Guest post by Jonathan H. Adler, a professor at the Case Western Reserve University School of Law and regular contributor to the Volokh Conspiracy.

 

(Snip)Much of my environmental work cuts against the traditional pro-regulatory grain of contemporary environmental law and policy. There have been significant environmental gains in many areas over the past fifty years, and traditional regulatory strategies deserve some of the credit, but modern environmental regulation is hardly a model of efficient governmental intervention. What, then, should we do differently? To answer this question it's important to think first about the nature of environmental problems, as our diagnosis of the problems will influence our choice of remedy.

 

The way we think about environmental concerns was heavily influenced by Garrett Hardin's seminal 1968 essay on "The Tragedy of the Commons." In this essay, Hardin described the fate of a common pasture, unowned and available to all. As Hardin explained, in such a situation it is in each herder's self-interest to maximize his use of the commons at the expense of the community at large. Each herder captures all of the benefit from adding one more animal to his herd. Yet the costs of overgrazing the pasture are distributed among every user of the pasture. And when all of the herders respond to these incentives, the pasture is overgrazed -- hence the tragedy. As Hardin explained it, the pursuit of self-interest in an open-access commons leads to ruin. Without controls on access and use of the underlying resource, the tragedy of the commons is inevitable.

 

Hardin's essay is tremendously important, not so much because he discovered the commons problem -- others had documented this dynamic before -- but because he popularized a useful way of thinking about many environmental problems. As Hardin explained, the metaphor of the commons can be applied to virtually any environmental resource. Instead of a pasture we could talk of a herd of animals, a fishery, a lake or even an airshed.

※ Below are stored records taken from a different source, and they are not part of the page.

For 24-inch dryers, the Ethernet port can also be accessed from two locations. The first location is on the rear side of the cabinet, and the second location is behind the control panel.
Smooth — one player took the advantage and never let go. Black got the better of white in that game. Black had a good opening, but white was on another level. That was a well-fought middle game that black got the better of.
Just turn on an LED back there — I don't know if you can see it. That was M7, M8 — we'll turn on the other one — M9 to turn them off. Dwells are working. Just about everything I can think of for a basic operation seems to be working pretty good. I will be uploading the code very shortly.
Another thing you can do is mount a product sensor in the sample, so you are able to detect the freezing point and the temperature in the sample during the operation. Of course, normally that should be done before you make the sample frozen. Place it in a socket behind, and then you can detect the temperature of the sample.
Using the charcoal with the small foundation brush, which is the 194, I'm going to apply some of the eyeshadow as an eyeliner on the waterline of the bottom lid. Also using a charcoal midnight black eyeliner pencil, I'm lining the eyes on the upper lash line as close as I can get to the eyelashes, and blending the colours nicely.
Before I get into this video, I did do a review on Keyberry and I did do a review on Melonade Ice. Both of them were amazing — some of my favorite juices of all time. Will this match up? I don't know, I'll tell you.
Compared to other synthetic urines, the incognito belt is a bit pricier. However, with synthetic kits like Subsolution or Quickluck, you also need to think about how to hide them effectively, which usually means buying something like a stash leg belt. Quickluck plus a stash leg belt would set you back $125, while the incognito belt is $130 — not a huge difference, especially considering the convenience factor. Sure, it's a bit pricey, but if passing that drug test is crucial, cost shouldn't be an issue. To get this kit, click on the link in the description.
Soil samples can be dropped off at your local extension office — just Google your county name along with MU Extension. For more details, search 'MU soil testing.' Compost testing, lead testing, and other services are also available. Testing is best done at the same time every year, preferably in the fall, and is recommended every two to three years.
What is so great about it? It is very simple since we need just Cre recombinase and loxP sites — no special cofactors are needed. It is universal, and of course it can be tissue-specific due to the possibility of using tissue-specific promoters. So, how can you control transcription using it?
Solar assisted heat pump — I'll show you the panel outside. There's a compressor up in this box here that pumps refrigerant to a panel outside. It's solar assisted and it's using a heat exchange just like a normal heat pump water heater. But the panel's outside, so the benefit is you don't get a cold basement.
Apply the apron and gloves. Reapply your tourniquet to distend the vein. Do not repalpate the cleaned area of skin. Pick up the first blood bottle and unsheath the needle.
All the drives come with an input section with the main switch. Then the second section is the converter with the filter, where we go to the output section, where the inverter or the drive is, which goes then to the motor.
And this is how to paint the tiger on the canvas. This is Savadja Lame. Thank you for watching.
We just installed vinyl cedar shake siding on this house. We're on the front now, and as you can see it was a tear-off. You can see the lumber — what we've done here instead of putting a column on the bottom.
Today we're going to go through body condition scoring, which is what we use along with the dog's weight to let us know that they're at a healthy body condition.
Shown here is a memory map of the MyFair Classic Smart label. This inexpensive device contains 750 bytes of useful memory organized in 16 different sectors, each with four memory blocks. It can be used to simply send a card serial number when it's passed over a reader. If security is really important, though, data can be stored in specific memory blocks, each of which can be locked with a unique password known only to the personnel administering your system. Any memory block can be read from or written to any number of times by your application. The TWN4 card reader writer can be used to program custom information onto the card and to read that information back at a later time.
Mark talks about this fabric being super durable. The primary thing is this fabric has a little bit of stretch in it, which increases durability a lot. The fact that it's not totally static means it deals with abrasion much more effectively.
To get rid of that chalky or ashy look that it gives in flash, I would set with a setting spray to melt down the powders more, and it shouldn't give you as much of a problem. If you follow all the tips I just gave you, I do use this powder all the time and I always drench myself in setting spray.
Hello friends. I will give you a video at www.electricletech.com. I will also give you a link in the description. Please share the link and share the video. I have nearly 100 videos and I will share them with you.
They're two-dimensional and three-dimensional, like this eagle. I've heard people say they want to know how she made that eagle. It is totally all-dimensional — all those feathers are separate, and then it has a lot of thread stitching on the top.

In each case, the underlying economic dynamic is the same, and if access and use are not limited in some fashion, over-use is inevitable as demand grows. [A quick caveat: What Hardin called the "commons," is more properly described as an open-access commons, as there are some resources that are owned or managed in common that do not suffer the tragedy because they are subject to community management of some form or other, but the central point stands.]